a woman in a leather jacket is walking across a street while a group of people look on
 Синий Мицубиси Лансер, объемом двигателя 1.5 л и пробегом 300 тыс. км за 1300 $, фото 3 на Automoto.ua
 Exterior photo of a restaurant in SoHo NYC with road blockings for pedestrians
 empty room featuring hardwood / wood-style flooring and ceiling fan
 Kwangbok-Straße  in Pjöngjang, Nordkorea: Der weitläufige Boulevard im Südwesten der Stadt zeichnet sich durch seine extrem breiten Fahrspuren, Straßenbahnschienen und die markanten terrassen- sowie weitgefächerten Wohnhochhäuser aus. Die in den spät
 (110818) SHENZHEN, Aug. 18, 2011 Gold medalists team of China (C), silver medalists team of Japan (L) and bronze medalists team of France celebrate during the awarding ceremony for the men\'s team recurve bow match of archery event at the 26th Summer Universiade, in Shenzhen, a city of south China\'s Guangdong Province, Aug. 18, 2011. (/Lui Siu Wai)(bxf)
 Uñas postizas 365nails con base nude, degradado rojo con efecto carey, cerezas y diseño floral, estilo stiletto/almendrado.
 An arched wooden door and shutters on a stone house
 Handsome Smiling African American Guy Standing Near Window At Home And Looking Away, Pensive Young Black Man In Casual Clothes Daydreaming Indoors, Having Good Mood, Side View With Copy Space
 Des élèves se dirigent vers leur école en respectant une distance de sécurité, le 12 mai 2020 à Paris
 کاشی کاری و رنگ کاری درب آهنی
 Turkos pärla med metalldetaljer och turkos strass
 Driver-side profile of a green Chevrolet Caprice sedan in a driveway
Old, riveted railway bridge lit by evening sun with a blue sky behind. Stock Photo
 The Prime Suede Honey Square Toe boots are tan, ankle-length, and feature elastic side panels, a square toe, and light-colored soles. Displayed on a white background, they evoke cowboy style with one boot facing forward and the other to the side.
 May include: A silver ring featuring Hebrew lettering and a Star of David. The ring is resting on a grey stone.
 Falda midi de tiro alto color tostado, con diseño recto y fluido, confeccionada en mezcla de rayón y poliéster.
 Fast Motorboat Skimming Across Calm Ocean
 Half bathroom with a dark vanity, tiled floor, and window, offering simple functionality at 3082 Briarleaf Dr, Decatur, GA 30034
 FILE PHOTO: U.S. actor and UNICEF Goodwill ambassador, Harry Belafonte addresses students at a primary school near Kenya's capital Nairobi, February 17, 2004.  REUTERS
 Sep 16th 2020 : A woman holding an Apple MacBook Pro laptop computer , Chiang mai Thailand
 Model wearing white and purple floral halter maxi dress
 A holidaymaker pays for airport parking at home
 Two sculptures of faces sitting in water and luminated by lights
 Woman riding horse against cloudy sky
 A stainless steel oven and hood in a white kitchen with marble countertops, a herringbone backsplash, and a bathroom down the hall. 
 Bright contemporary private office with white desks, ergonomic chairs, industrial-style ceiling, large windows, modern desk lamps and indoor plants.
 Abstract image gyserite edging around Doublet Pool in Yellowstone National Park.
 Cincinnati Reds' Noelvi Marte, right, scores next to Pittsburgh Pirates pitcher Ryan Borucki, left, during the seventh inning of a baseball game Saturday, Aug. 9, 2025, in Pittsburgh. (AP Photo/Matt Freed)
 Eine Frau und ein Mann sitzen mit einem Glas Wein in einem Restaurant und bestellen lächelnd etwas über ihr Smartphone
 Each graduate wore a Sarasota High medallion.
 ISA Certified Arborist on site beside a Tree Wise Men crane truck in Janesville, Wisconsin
:::::
### What is being asked:
The answer is the run of lines above from the line containing "An arched wooden" through the line containing "Old, riveted railway", copied exactly and alone.

### Result of this exercise:
 An arched wooden door and shutters on a stone house
 Handsome Smiling African American Guy Standing Near Window At Home And Looking Away, Pensive Young Black Man In Casual Clothes Daydreaming Indoors, Having Good Mood, Side View With Copy Space
 Des élèves se dirigent vers leur école en respectant une distance de sécurité, le 12 mai 2020 à Paris
 کاشی کاری و رنگ کاری درب آهنی
 Turkos pärla med metalldetaljer och turkos strass
 Driver-side profile of a green Chevrolet Caprice sedan in a driveway
Old, riveted railway bridge lit by evening sun with a blue sky behind. Stock Photo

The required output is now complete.